◆ Exercise aim ◆
Every line below from the one containing "Ikitsuki Daigyoran Kannon" through the one containing "Illy Francis X1" must be transcribed exactly. Omit all lines outside that stretch.

◆ Source records ◆
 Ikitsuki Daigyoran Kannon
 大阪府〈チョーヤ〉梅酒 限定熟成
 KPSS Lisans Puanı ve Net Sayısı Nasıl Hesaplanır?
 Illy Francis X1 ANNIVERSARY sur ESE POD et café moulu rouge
...
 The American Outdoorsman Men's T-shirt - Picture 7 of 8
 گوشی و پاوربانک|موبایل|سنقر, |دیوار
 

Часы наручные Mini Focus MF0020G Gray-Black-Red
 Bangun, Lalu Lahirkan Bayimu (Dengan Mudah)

◆ Expected answer ◆
 Ikitsuki Daigyoran Kannon
 大阪府〈チョーヤ〉梅酒 限定熟成
 KPSS Lisans Puanı ve Net Sayısı Nasıl Hesaplanır?
 Illy Francis X1 ANNIVERSARY sur ESE POD et café moulu rouge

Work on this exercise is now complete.